[Dataset entries]
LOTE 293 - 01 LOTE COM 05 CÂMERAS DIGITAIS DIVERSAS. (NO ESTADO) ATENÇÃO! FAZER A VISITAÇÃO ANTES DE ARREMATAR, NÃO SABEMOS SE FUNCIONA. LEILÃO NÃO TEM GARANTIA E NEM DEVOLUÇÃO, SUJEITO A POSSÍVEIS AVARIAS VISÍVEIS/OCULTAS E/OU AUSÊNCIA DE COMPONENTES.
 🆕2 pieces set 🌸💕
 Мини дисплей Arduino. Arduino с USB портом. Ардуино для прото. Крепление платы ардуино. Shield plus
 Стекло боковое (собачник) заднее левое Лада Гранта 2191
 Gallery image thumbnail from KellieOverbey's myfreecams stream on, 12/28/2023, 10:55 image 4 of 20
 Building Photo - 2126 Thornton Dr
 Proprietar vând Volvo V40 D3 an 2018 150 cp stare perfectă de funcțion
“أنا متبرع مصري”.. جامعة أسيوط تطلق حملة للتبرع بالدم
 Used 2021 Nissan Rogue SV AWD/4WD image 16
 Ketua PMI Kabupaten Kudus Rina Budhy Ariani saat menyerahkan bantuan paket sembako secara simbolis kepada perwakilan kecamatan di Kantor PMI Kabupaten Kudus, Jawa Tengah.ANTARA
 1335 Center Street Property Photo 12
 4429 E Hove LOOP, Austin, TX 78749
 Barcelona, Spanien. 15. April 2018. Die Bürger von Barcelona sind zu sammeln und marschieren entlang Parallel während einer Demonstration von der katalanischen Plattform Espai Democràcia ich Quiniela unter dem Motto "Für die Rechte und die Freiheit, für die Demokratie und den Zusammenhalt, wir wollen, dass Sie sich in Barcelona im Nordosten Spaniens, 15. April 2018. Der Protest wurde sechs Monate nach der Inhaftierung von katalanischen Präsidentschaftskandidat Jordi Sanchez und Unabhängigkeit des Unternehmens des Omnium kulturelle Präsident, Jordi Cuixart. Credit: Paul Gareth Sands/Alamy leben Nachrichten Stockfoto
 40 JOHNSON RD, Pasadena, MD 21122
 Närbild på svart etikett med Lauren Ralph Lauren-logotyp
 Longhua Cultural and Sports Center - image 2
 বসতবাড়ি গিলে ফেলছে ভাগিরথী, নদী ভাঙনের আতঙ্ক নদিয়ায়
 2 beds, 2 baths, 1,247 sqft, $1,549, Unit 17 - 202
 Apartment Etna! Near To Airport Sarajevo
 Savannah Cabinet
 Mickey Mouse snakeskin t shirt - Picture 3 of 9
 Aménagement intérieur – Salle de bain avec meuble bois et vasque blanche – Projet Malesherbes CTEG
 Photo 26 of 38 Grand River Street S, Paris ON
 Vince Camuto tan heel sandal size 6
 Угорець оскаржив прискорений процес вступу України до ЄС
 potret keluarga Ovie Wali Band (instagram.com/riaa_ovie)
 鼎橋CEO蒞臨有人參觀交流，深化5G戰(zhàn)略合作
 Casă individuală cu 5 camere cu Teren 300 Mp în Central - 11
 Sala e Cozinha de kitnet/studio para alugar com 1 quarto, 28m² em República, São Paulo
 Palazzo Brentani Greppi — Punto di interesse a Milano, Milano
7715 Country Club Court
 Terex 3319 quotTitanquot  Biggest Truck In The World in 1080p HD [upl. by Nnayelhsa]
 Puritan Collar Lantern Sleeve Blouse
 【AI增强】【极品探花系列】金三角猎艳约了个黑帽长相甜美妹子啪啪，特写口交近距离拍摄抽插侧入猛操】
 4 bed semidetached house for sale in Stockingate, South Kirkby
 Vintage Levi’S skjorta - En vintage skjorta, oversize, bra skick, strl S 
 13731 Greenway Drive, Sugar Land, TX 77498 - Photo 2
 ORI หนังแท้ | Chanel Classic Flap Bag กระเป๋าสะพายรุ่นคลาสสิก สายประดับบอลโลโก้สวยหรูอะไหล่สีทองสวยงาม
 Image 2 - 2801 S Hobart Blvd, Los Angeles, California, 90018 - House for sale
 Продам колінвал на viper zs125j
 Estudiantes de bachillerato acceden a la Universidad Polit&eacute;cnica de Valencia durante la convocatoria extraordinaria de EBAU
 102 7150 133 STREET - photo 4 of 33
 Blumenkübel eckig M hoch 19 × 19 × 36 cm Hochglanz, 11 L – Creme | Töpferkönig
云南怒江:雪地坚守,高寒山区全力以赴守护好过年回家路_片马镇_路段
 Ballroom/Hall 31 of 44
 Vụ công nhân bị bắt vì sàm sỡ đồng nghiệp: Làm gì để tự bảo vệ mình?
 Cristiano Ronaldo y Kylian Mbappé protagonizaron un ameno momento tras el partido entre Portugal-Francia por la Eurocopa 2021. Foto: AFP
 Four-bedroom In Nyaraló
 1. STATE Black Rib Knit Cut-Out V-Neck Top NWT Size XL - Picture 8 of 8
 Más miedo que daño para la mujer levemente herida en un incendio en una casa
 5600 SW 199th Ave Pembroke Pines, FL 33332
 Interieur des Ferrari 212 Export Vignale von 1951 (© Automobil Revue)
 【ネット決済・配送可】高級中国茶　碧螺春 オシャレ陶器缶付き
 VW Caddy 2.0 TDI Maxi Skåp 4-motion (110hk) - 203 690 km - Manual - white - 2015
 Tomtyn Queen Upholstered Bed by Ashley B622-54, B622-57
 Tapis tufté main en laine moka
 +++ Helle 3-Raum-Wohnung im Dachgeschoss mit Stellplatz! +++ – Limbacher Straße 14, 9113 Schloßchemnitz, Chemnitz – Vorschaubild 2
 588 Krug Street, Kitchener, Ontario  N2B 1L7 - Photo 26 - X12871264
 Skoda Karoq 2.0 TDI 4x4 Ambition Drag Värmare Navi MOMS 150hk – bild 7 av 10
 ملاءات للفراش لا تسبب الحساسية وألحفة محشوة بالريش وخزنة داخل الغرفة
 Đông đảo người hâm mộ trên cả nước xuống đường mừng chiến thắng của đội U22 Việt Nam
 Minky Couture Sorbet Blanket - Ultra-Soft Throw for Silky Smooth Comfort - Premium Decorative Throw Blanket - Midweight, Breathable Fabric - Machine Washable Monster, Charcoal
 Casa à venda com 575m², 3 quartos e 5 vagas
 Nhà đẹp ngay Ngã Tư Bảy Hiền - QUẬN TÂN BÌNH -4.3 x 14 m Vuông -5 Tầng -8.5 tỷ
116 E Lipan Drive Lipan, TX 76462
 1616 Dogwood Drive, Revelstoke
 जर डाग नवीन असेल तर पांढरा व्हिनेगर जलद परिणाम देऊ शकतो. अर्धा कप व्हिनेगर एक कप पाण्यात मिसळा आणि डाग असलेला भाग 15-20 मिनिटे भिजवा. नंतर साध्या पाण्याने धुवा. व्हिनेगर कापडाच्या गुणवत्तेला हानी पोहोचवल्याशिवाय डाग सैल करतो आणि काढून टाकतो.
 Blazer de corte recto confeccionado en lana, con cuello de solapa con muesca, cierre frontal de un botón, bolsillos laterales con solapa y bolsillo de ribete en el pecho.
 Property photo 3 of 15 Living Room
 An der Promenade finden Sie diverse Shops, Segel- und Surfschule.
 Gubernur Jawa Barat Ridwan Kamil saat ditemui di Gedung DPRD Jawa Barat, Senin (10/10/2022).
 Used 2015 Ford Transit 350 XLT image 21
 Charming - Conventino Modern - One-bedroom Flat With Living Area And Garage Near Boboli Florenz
[/Dataset entries]
→ What you will do
Go through the data and return every record exactly.

→ Solved exercise
LOTE 293 - 01 LOTE COM 05 CÂMERAS DIGITAIS DIVERSAS. (NO ESTADO) ATENÇÃO! FAZER A VISITAÇÃO ANTES DE ARREMATAR, NÃO SABEMOS SE FUNCIONA. LEILÃO NÃO TEM GARANTIA E NEM DEVOLUÇÃO, SUJEITO A POSSÍVEIS AVARIAS VISÍVEIS/OCULTAS E/OU AUSÊNCIA DE COMPONENTES.
 🆕2 pieces set 🌸💕
 Мини дисплей Arduino. Arduino с USB портом. Ардуино для прото. Крепление платы ардуино. Shield plus
 Стекло боковое (собачник) заднее левое Лада Гранта 2191
 Gallery image thumbnail from KellieOverbey's myfreecams stream on, 12/28/2023, 10:55 image 4 of 20
 Building Photo - 2126 Thornton Dr
 Proprietar vând Volvo V40 D3 an 2018 150 cp stare perfectă de funcțion
“أنا متبرع مصري”.. جامعة أسيوط تطلق حملة للتبرع بالدم
 Used 2021 Nissan Rogue SV AWD/4WD image 16
 Ketua PMI Kabupaten Kudus Rina Budhy Ariani saat menyerahkan bantuan paket sembako secara simbolis kepada perwakilan kecamatan di Kantor PMI Kabupaten Kudus, Jawa Tengah.ANTARA
 1335 Center Street Property Photo 12
 4429 E Hove LOOP, Austin, TX 78749
 Barcelona, Spanien. 15. April 2018. Die Bürger von Barcelona sind zu sammeln und marschieren entlang Parallel während einer Demonstration von der katalanischen Plattform Espai Democràcia ich Quiniela unter dem Motto "Für die Rechte und die Freiheit, für die Demokratie und den Zusammenhalt, wir wollen, dass Sie sich in Barcelona im Nordosten Spaniens, 15. April 2018. Der Protest wurde sechs Monate nach der Inhaftierung von katalanischen Präsidentschaftskandidat Jordi Sanchez und Unabhängigkeit des Unternehmens des Omnium kulturelle Präsident, Jordi Cuixart. Credit: Paul Gareth Sands/Alamy leben Nachrichten Stockfoto
 40 JOHNSON RD, Pasadena, MD 21122
 Närbild på svart etikett med Lauren Ralph Lauren-logotyp
 Longhua Cultural and Sports Center - image 2
 বসতবাড়ি গিলে ফেলছে ভাগিরথী, নদী ভাঙনের আতঙ্ক নদিয়ায়
 2 beds, 2 baths, 1,247 sqft, $1,549, Unit 17 - 202
 Apartment Etna! Near To Airport Sarajevo
 Savannah Cabinet
 Mickey Mouse snakeskin t shirt - Picture 3 of 9
 Aménagement intérieur – Salle de bain avec meuble bois et vasque blanche – Projet Malesherbes CTEG
 Photo 26 of 38 Grand River Street S, Paris ON
 Vince Camuto tan heel sandal size 6
 Угорець оскаржив прискорений процес вступу України до ЄС
 potret keluarga Ovie Wali Band (instagram.com/riaa_ovie)
 鼎橋CEO蒞臨有人參觀交流，深化5G戰(zhàn)略合作
 Casă individuală cu 5 camere cu Teren 300 Mp în Central - 11
 Sala e Cozinha de kitnet/studio para alugar com 1 quarto, 28m² em República, São Paulo
 Palazzo Brentani Greppi — Punto di interesse a Milano, Milano
7715 Country Club Court
 Terex 3319 quotTitanquot  Biggest Truck In The World in 1080p HD [upl. by Nnayelhsa]
 Puritan Collar Lantern Sleeve Blouse
 【AI增强】【极品探花系列】金三角猎艳约了个黑帽长相甜美妹子啪啪，特写口交近距离拍摄抽插侧入猛操】
 4 bed semidetached house for sale in Stockingate, South Kirkby
 Vintage Levi’S skjorta - En vintage skjorta, oversize, bra skick, strl S 
 13731 Greenway Drive, Sugar Land, TX 77498 - Photo 2
 ORI หนังแท้ | Chanel Classic Flap Bag กระเป๋าสะพายรุ่นคลาสสิก สายประดับบอลโลโก้สวยหรูอะไหล่สีทองสวยงาม
 Image 2 - 2801 S Hobart Blvd, Los Angeles, California, 90018 - House for sale
 Продам колінвал на viper zs125j
 Estudiantes de bachillerato acceden a la Universidad Polit&eacute;cnica de Valencia durante la convocatoria extraordinaria de EBAU
 102 7150 133 STREET - photo 4 of 33
 Blumenkübel eckig M hoch 19 × 19 × 36 cm Hochglanz, 11 L – Creme | Töpferkönig
云南怒江:雪地坚守,高寒山区全力以赴守护好过年回家路_片马镇_路段
 Ballroom/Hall 31 of 44
 Vụ công nhân bị bắt vì sàm sỡ đồng nghiệp: Làm gì để tự bảo vệ mình?
 Cristiano Ronaldo y Kylian Mbappé protagonizaron un ameno momento tras el partido entre Portugal-Francia por la Eurocopa 2021. Foto: AFP
 Four-bedroom In Nyaraló
 1. STATE Black Rib Knit Cut-Out V-Neck Top NWT Size XL - Picture 8 of 8
 Más miedo que daño para la mujer levemente herida en un incendio en una casa
 5600 SW 199th Ave Pembroke Pines, FL 33332
 Interieur des Ferrari 212 Export Vignale von 1951 (© Automobil Revue)
 【ネット決済・配送可】高級中国茶　碧螺春 オシャレ陶器缶付き
 VW Caddy 2.0 TDI Maxi Skåp 4-motion (110hk) - 203 690 km - Manual - white - 2015
 Tomtyn Queen Upholstered Bed by Ashley B622-54, B622-57
 Tapis tufté main en laine moka
 +++ Helle 3-Raum-Wohnung im Dachgeschoss mit Stellplatz! +++ – Limbacher Straße 14, 9113 Schloßchemnitz, Chemnitz – Vorschaubild 2
 588 Krug Street, Kitchener, Ontario  N2B 1L7 - Photo 26 - X12871264
 Skoda Karoq 2.0 TDI 4x4 Ambition Drag Värmare Navi MOMS 150hk – bild 7 av 10
 ملاءات للفراش لا تسبب الحساسية وألحفة محشوة بالريش وخزنة داخل الغرفة
 Đông đảo người hâm mộ trên cả nước xuống đường mừng chiến thắng của đội U22 Việt Nam
 Minky Couture Sorbet Blanket - Ultra-Soft Throw for Silky Smooth Comfort - Premium Decorative Throw Blanket - Midweight, Breathable Fabric - Machine Washable Monster, Charcoal
 Casa à venda com 575m², 3 quartos e 5 vagas
 Nhà đẹp ngay Ngã Tư Bảy Hiền - QUẬN TÂN BÌNH -4.3 x 14 m Vuông -5 Tầng -8.5 tỷ
116 E Lipan Drive Lipan, TX 76462
 1616 Dogwood Drive, Revelstoke
 जर डाग नवीन असेल तर पांढरा व्हिनेगर जलद परिणाम देऊ शकतो. अर्धा कप व्हिनेगर एक कप पाण्यात मिसळा आणि डाग असलेला भाग 15-20 मिनिटे भिजवा. नंतर साध्या पाण्याने धुवा. व्हिनेगर कापडाच्या गुणवत्तेला हानी पोहोचवल्याशिवाय डाग सैल करतो आणि काढून टाकतो.
 Blazer de corte recto confeccionado en lana, con cuello de solapa con muesca, cierre frontal de un botón, bolsillos laterales con solapa y bolsillo de ribete en el pecho.
 Property photo 3 of 15 Living Room
 An der Promenade finden Sie diverse Shops, Segel- und Surfschule.
 Gubernur Jawa Barat Ridwan Kamil saat ditemui di Gedung DPRD Jawa Barat, Senin (10/10/2022).
 Used 2015 Ford Transit 350 XLT image 21
 Charming - Conventino Modern - One-bedroom Flat With Living Area And Garage Near Boboli Florenz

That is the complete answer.